Demonization: To represent as diabolically evil; "the demonization of our enemies." wordnetweb.princeton.edu/perl/webwn
According to a recent article in The Brazil Times, a Colorado man went on "Rambo style solo mission to hunt down and kill Osama bin Laden." When located and detained by Pakistan authorities he was suitably armed with sword and pistol, which presumably were to be used to penetrate bin Laden's thousands of fanatical protectors.
We wish him well, but his self-ordained quest was perhaps a bit ill advised.
This is what people do, though, believe that removing one high profile individual will somehow eliminate the evil they represent. In short, we "demonize" a person in the hopes that all evil is embodied in him. It doesn't quite work that way.

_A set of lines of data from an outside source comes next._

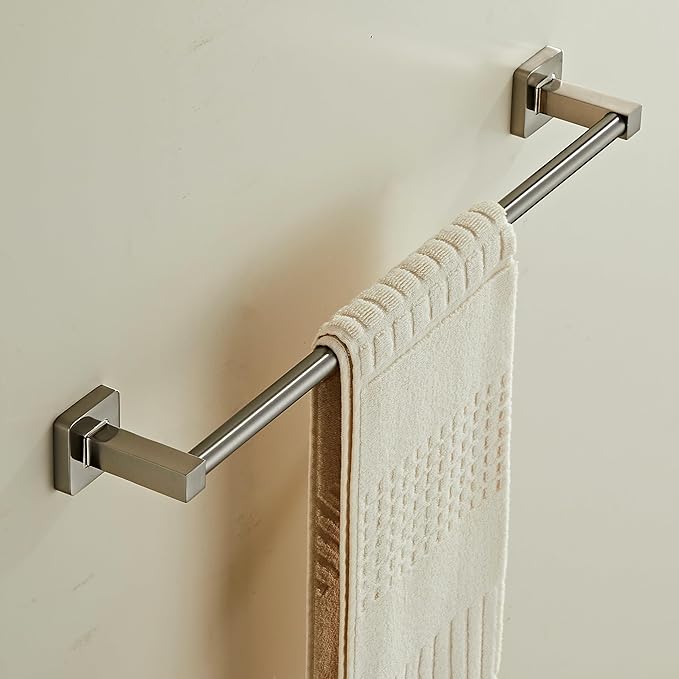 Bathroom Wall Mounted Towel Rack,18 Inch Brushed Nickel Towel Bar with Stainless Rack and Hand Towel Holder, Shower and Bath Towel Racks for Bathroom Wall(Total Length 20-Inch)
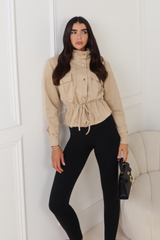 BETHANIE NUDE DRAWSTRING FAUX SUEDE JACKET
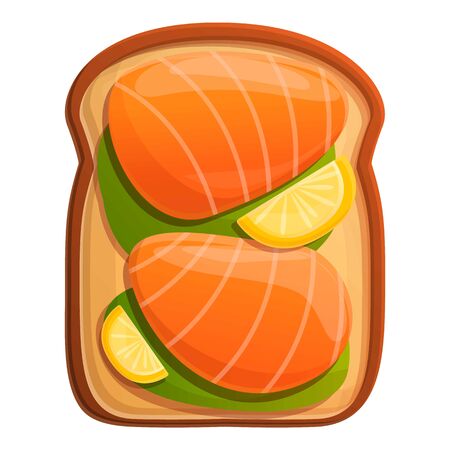 Lemon salmon toast icon. Cartoon of lemon salmon toast vector icon for web design isolated on white backgroundのイラスト素材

In the year I was born, the demons to kill were Hitler and Mussolini, and a lot of people tried to kill them. To do that required first penetrating those thousands who made such evil possible -- the Nazis and Fascist. Absolute world peace did not absolutely follow removing those two particular demons.

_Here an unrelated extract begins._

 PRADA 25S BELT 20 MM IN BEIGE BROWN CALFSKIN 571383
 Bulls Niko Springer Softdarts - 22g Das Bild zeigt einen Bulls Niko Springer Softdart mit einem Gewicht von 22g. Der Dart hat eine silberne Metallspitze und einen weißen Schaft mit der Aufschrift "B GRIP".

It wasn't that long ago that the guy to get was Saddam Hussein. If only we could capture him and, say, hang him, then all would be right with the world. Turns out it wasn't that easy.
Demonizing is, simply, how Americans approach things. Whatever the problems, whatever the catastrophe, find some one person we can blame for it all, take him out, and maybe the problem will go away.

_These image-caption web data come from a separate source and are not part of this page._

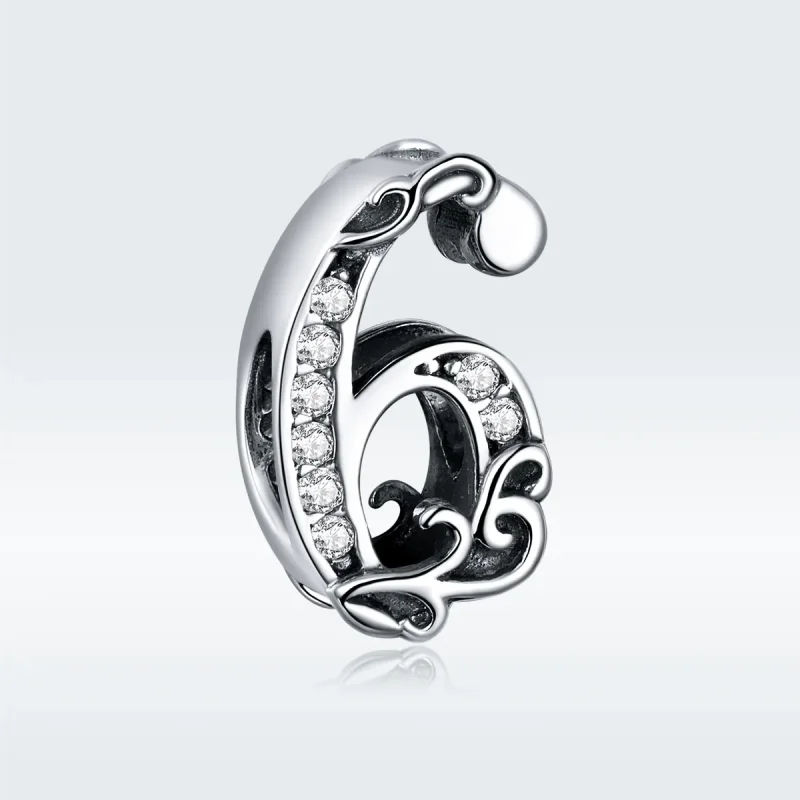 (imagine pentru) Talisman Tip Pandora Numărul 6 din argint - SCC1418-6 - Vizualizare 5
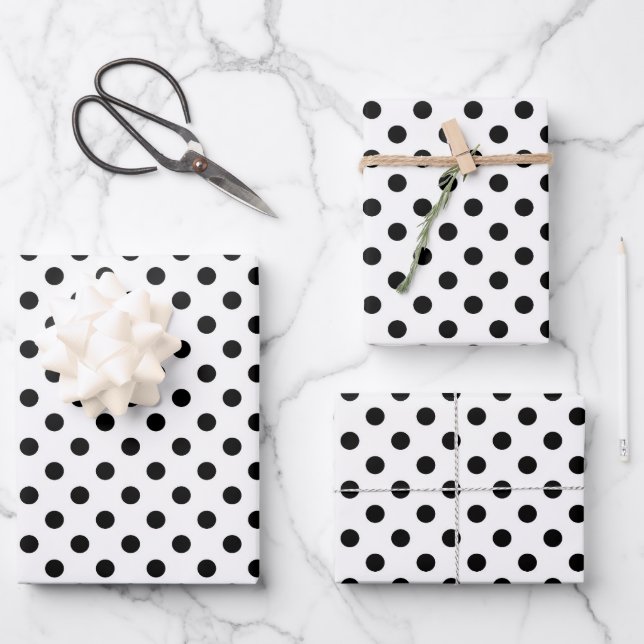 Cute Black And White Polka Dots Pattern Wrapping Paper Sheets (Front)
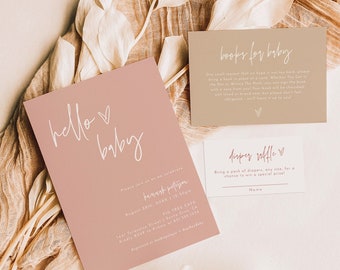 Nowoczesny szablon zaproszenia na baby shower w kolorze różowego różu, różowy zestaw boho, zaproszenie dla dziewczynki, minimalistyczny, do pobrania natychmiast, edytowalny szablon, BM1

Truth is every leader, for good ends or other, is totally dependent on supporters spread across large panoramas of national identities, personalities, and motivations. In the end the only real way to solve the "demon" problem is deal with the minutia of all the small parts of the vast whole.
The current catastrophe holding our attention is the oil spill in the Gulf of Mexico. And, as is our way, we've found ourselves a demon to blame -- an Englishman named Tony Hayward. If only we can make him answer for the sins of BP and force him to resign as leader, then the oil spill -- even if not resolved -- will at least drop off the news cycle.
The course of human events indicates evils are never removed from the earth with swords or pistols, or resignations. And, the end of news cycles rarely indicates resolution of problems (when was the last time the Haiti earthquake was lead story?).
The oil spill, as with much of life, was caused because many individuals were motivated by greed or self-promotion. Changing the corporate climate throughout the oil industry will do more good than removing any high profile demons. Winning that war is the only way to avoid the next oil disaster.
Wars are won, problems solved, evils removed by fighting the battle in the particulars -- defeating each foe and solving each issue one at a time. When that is done the "demon" comes to its natural end. It is too bad we never seem capable of fighting righteous battle until some one high profile individual becomes today's demon.